→ TASK INSTRUCTIONS
Pictures are to be left out; every line from the one with "Flora & Fauna" through the end of the data must be transcribed exactly.

→ SOURCE DATA
* * * * * * *

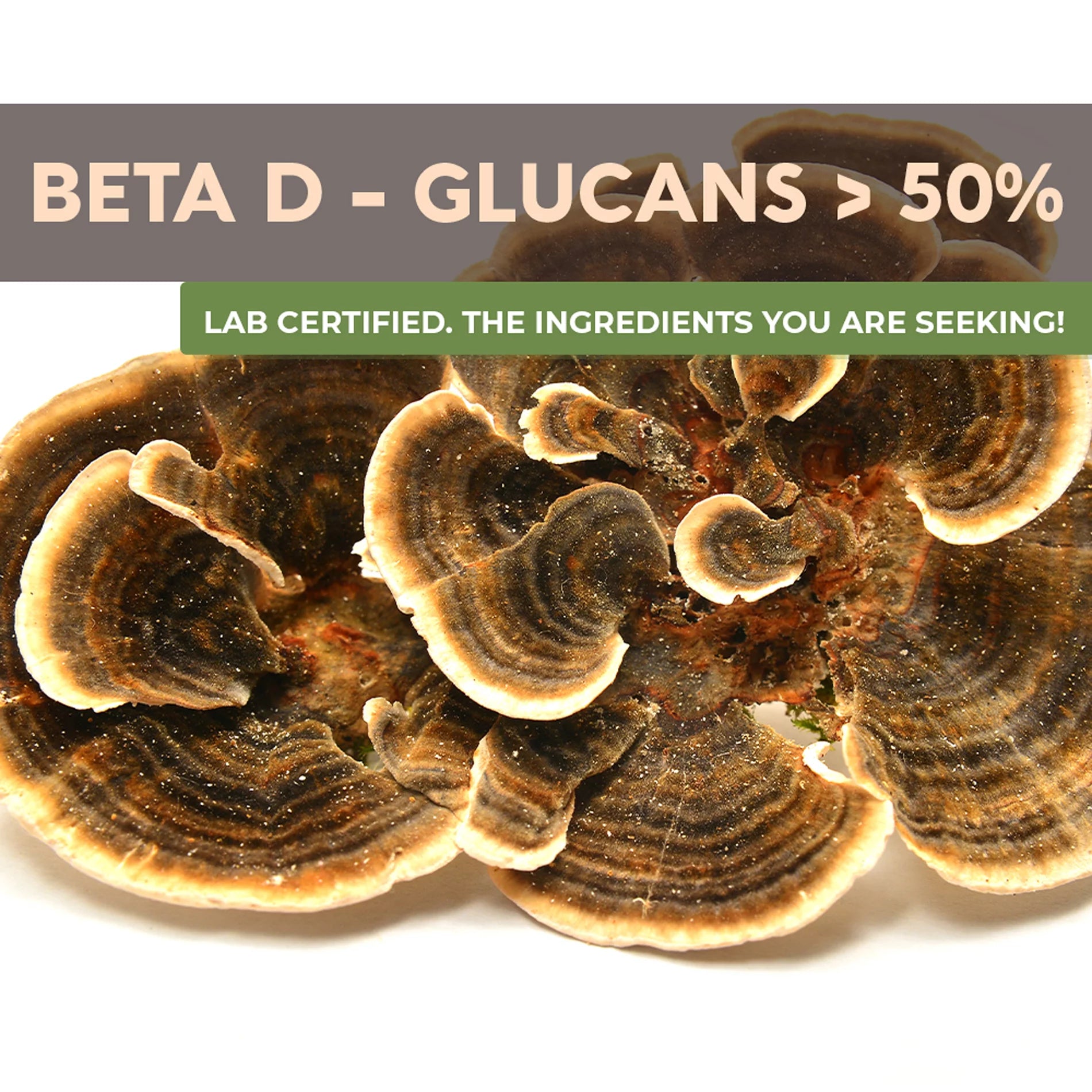Organic Turkey Tail Mushroom Supplement Powder 3.5 oz Z646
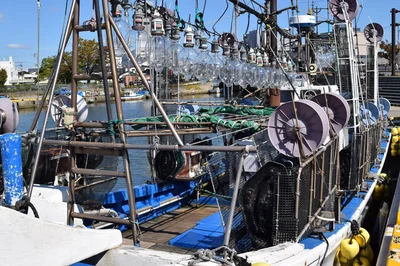 イカを集めるための集魚灯を積んだイカ釣り漁船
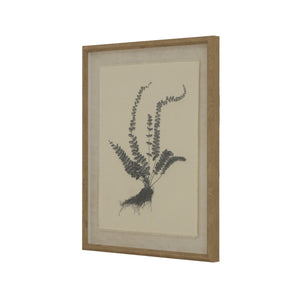 Flora & Fauna Collection Spleenwort on Linen in Beaded Frame - Canwell Interiors Limited - Hills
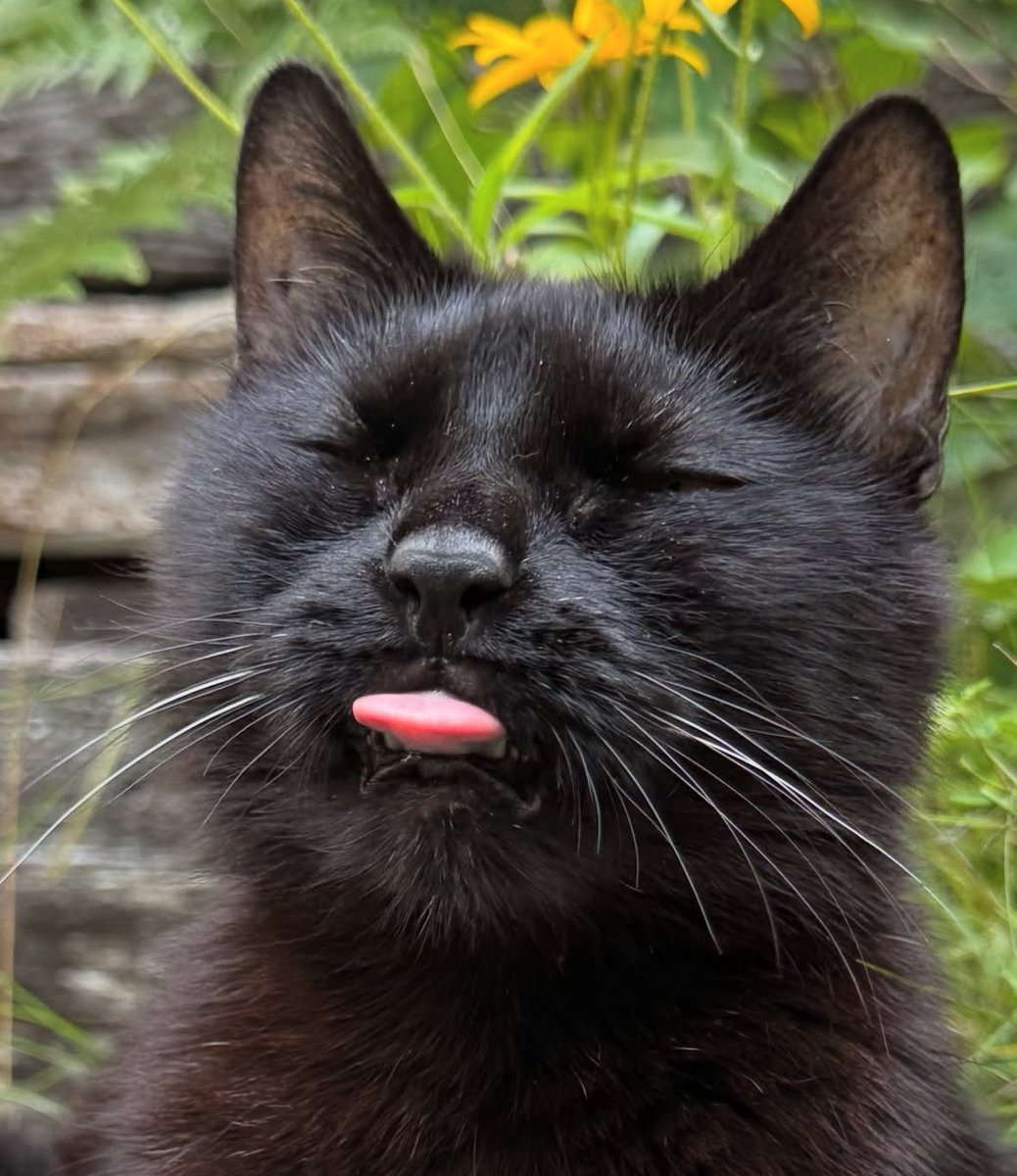 Black cats are not bad luck (@visualscat) on Twitter photo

* * * * * * *

→ TASK RESULT
 Flora & Fauna Collection Spleenwort on Linen in Beaded Frame - Canwell Interiors Limited - Hills
 Black cats are not bad luck (@visualscat) on Twitter photo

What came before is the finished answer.